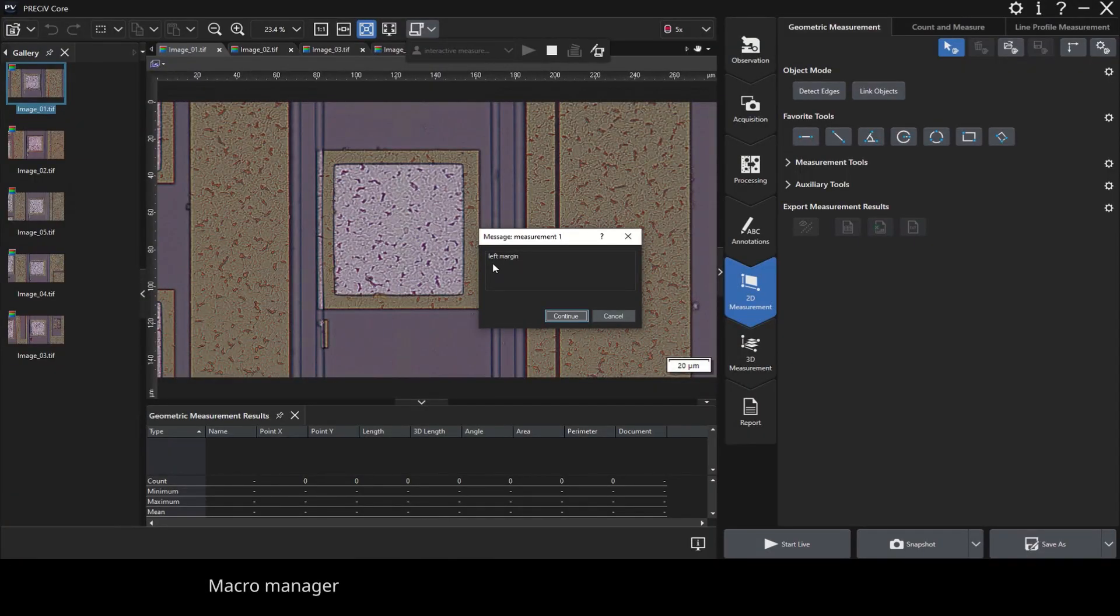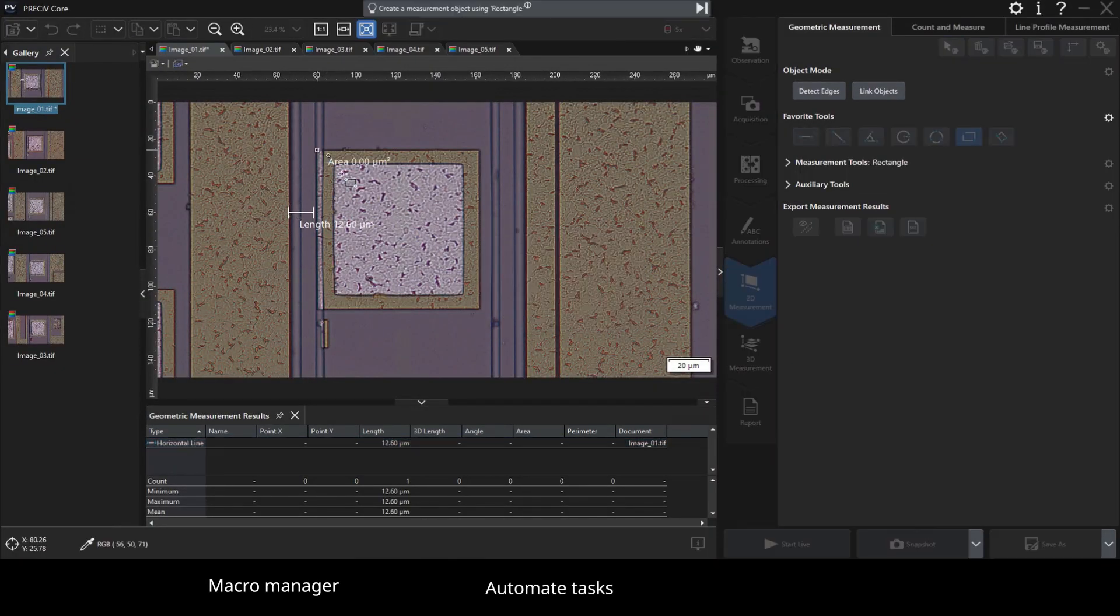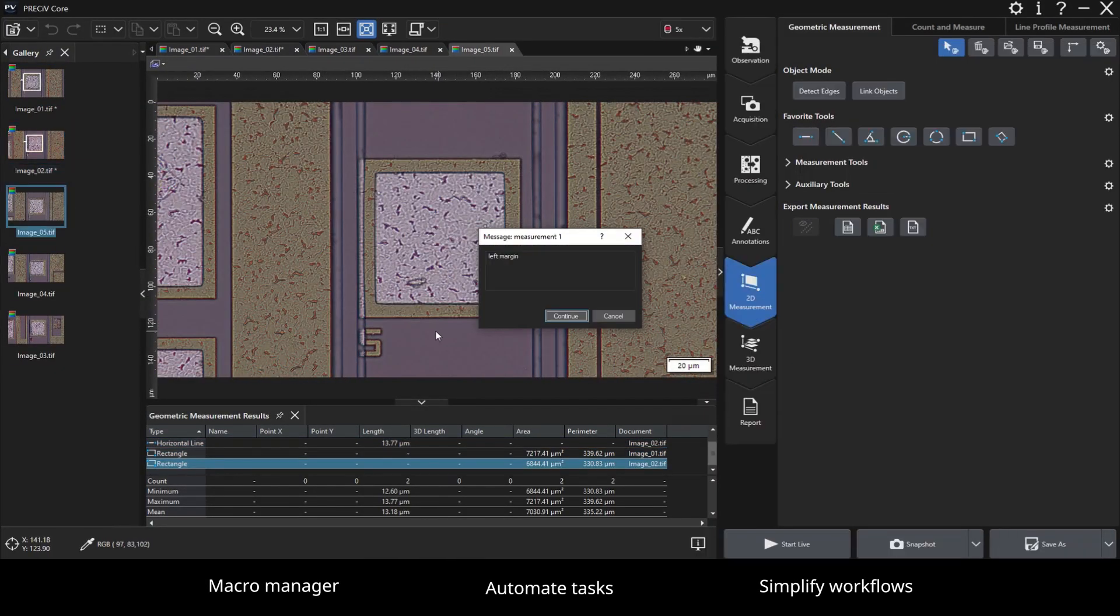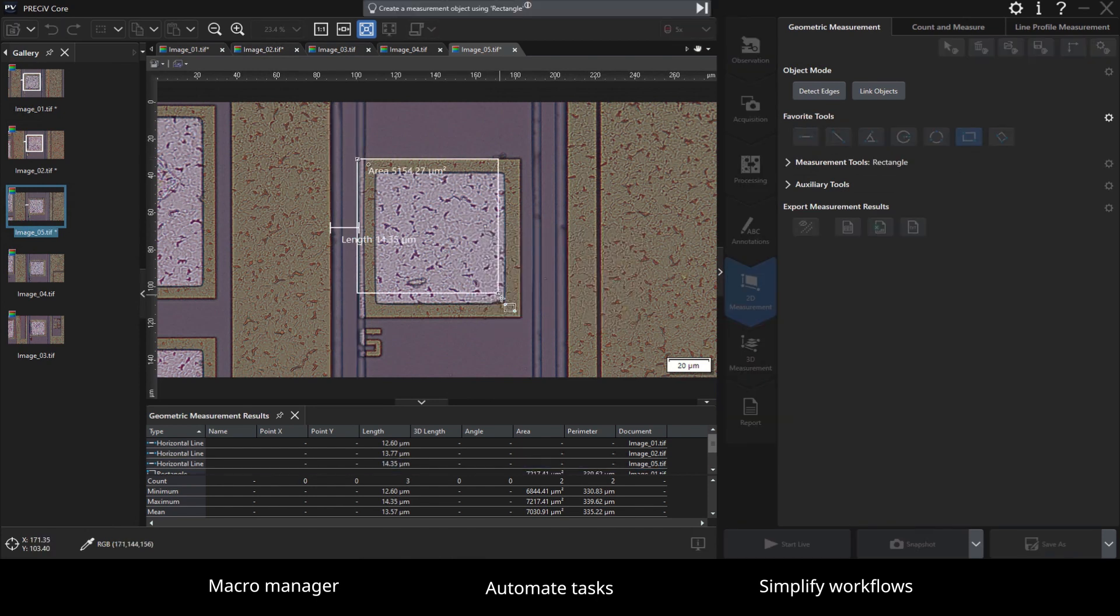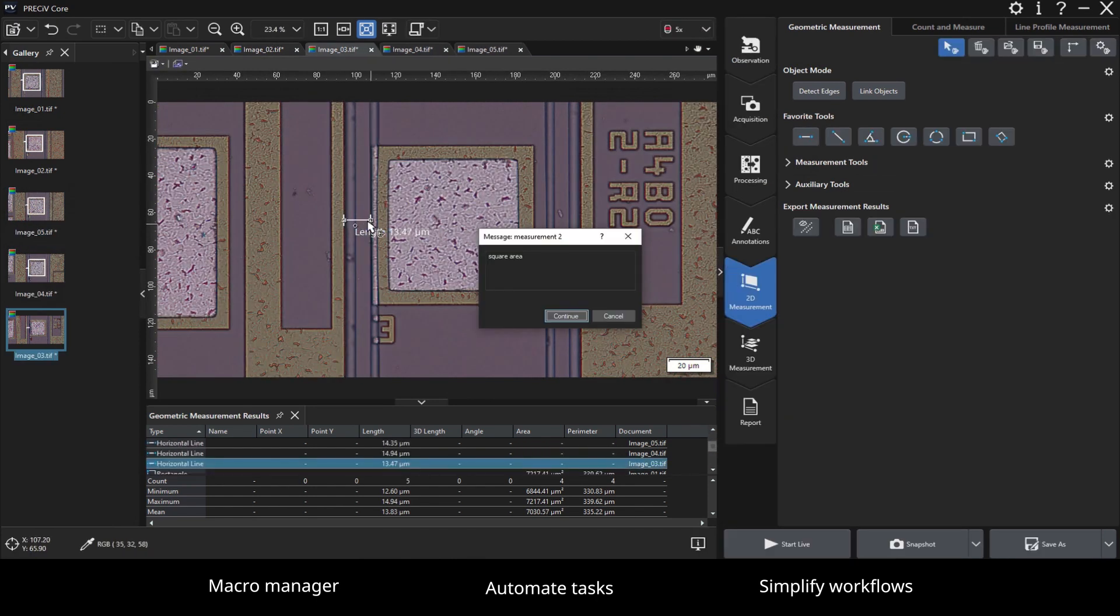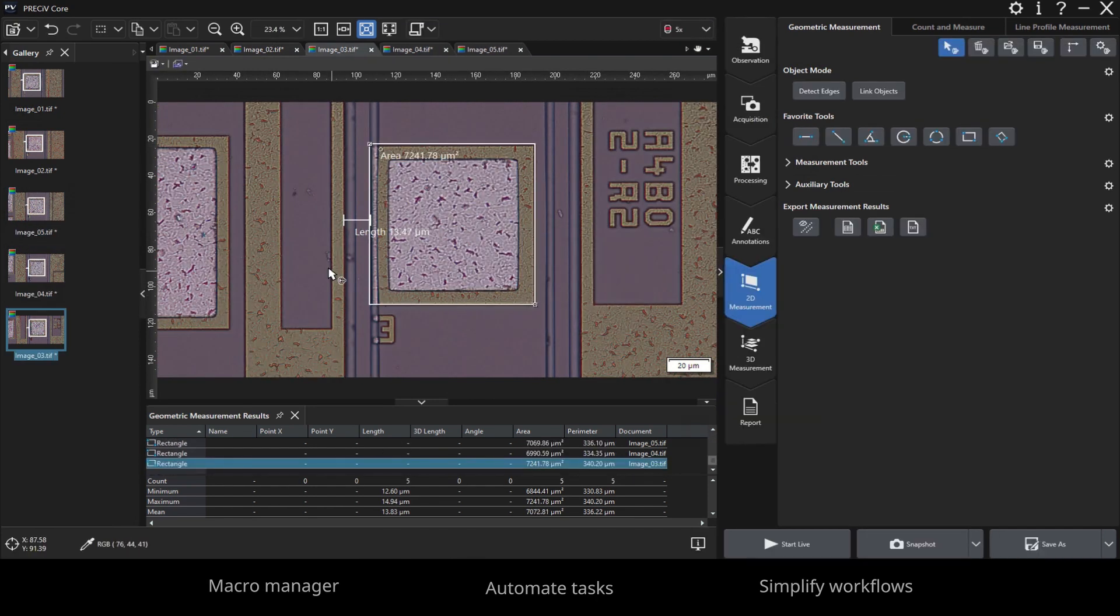Pressive Software also supports macros to automate repetitive tasks and simplify workflows, making your work more efficient.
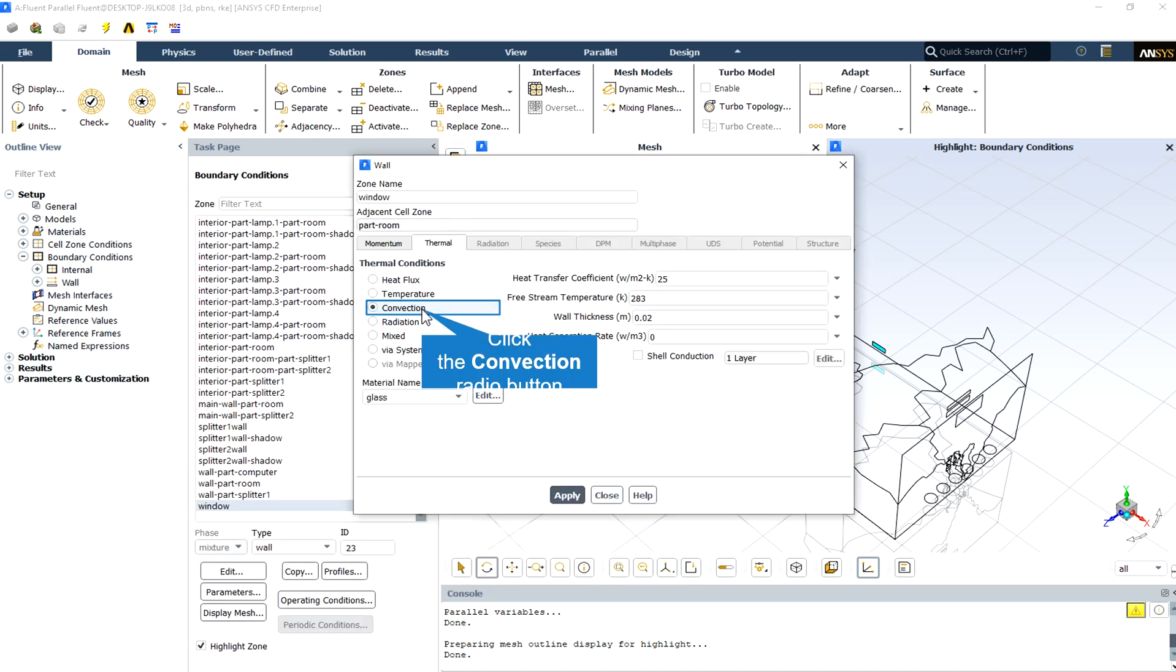The window has convection thermal condition. The heat transfer coefficient is 25, which is more than the heat transfer coefficient with the door. The freestream temperature is 10 degrees Celsius, and the window thickness, made from glass, is equal to 2 centimeters.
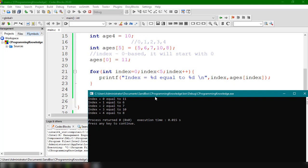That's how easy it is to access and change values in an array, and that's how we define a one-dimensional array inside our C program. In the next video we're going to talk about two-dimensional and multi-dimensional arrays. If you have questions, let me know in the comments below. Thanks for watching and see you in the next video.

* Assignment:
Copy out the whole listing exactly. Skip its pictures.

* Answer space:
Pressive Software also supports macros to automate repetitive tasks and simplify workflows, making your work more efficient.
The window has convection thermal condition. The heat transfer coefficient is 25, which is more than the heat transfer coefficient with the door. The freestream temperature is 10 degrees Celsius, and the window thickness, made from glass, is equal to 2 centimeters.
That's how easy it is to access and change values in an array, and that's how we define a one-dimensional array inside our C program. In the next video we're going to talk about two-dimensional and multi-dimensional arrays. If you have questions, let me know in the comments below. Thanks for watching and see you in the next video.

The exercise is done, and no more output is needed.